Master’s of Health Science, Mental Health, Johns Hopkins
Graduate Certificate, Health Disparities, Johns Hopkins
Bachelors of Science, Neuroscience, Virginia Tech
Bachelors of Science, Psychology, Virginia Tech
Kyle Rice was born into a military family he has been around the country and abroad. After spending a significant period of his life in rural Maine he went to pursue his career in Clinical Research. Obtaining education from Virginia Tech and Johns Hopkins he hopes to bring what he has learned both inside and outside the classroom to this blog. Realizing that many people get copious amounts of education and degrees yet sometimes still feel lost and misguided in some of the simplest tasks, this blog is the answer. Kyle hopes to bring scientific evidence to back up data-supported techniques that can improve your productivity, satisfaction, success, and health.
- Reading non-fiction
- Play with my Dog
- Exploring Breweries
This blog is a passion project. Marrying Kyle’s passions for science, self-help, and motivation to help others. The purpose of this blog is to back up claims with hard science. The world of self-help can be toxic and full of self-proclaimed gurus and misinformed garbage. Though there is plenty out there that is truly helpful just as much of it is a waste of time. So this site aims to bring together the findings and teachers of many experts in their respected fields in order to give you the reader a solid background and understanding of the knowledge being shared.
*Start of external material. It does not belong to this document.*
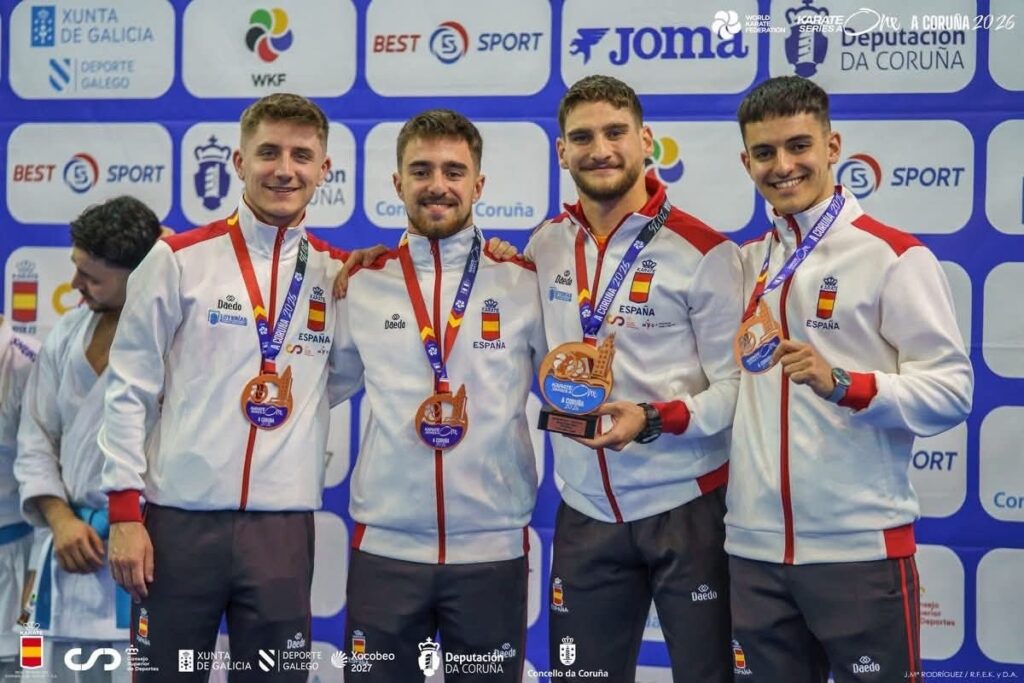 97A65EC0 F2C6 4EDA 82A7 4F6D74BB835E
Kyle is a scientist and naturally skeptical, hopefully, you are too, so you are encouraged to comment, refute, debate, and question the topics being presented on here. That is what makes a good critical thinker, and helps us grow. Just remember to be respectful and realize that there will always be outliers, exceptions, anecdotal instances, and miracles. Just because current science hasn’t been able to explain it does not mean it is false.
This blog was inspired by courses that Kyle took at his previous educational instructions called “Neuroscience and Society,” “War and the Brain,” “Public Health and the Good Life. Thanks again Dr. P and Dr. K for a great time in class!